#### About this task
Your task is to retype, exactly, the line containing "Camiseta Casual de" and every later line through the end of the listing, with pictures omitted.

══ Source material ══

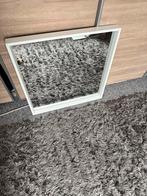 Nissedal Spiegel - IKEA 65x65 cm, Ophalen of Verzenden, Zo goed als nieuw, Minder dan 100 cm, Rechthoekig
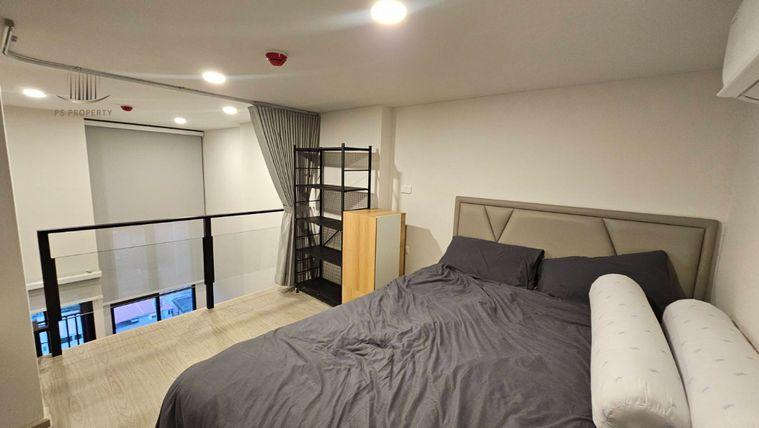 picture For rent 🔥 Origin Plug & Play Ramkhamhaeng Triple Station 🔥 DUPLEX room, complete furniture and electrical appliances. - 2/14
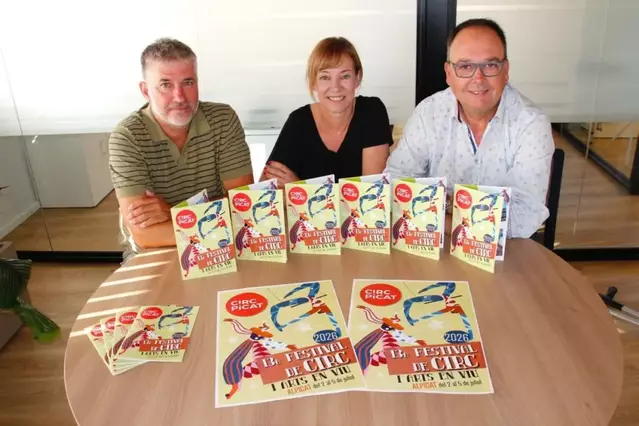 El Circ Picat, amb quinze espectacles des de demà i fins diumenge
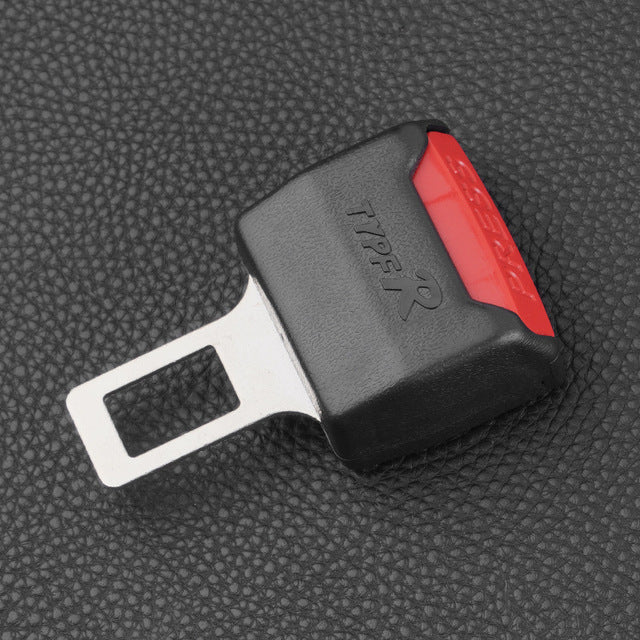 Seat Belt Extender with Reinforced Metal Tongue and Durable Plastic Housing, Set of 2 Valideals Outlet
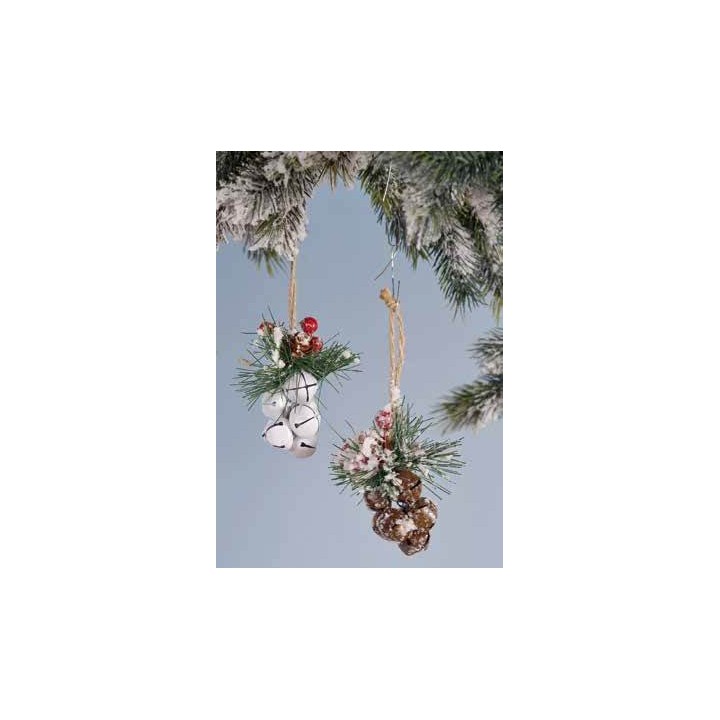 Decorazione con sonagli 2 colori | CarinCasa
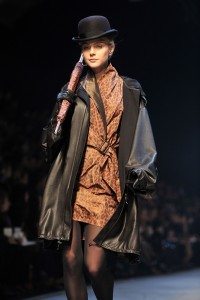 Pasarela Hermès otoño 2010.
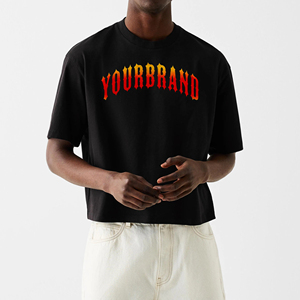 Camiseta Casual de Verano para Hombre, Ligera, de Secado Rápido, Suave y Cómoda, de Manga Corta, Cuello Redondo, Estampado Digital, 100% Algodón - Product Image 1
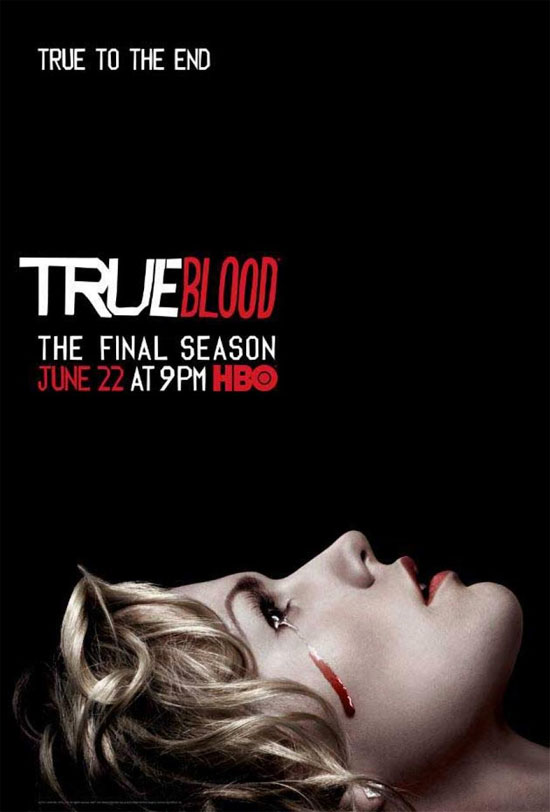 Póster para la última temporada de True Blood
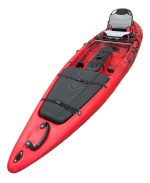 Kayak Explorer Mar Fisherman Pro 3.95m 1 Remo Verde - Imagen 2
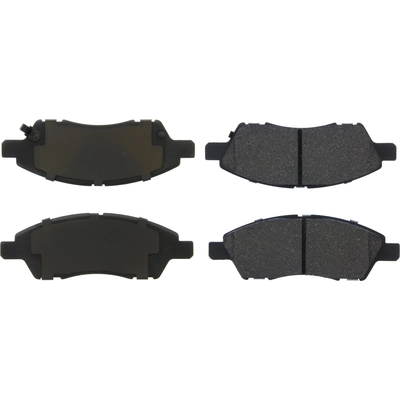 Front Premium Semi Metallic Pads by CENTRIC PARTS - 300.15920 pa4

═══

#### Solution for this exercise
 Camiseta Casual de Verano para Hombre, Ligera, de Secado Rápido, Suave y Cómoda, de Manga Corta, Cuello Redondo, Estampado Digital, 100% Algodón - Product Image 1
 Póster para la última temporada de True Blood
 Kayak Explorer Mar Fisherman Pro 3.95m 1 Remo Verde - Imagen 2
 Front Premium Semi Metallic Pads by CENTRIC PARTS - 300.15920 pa4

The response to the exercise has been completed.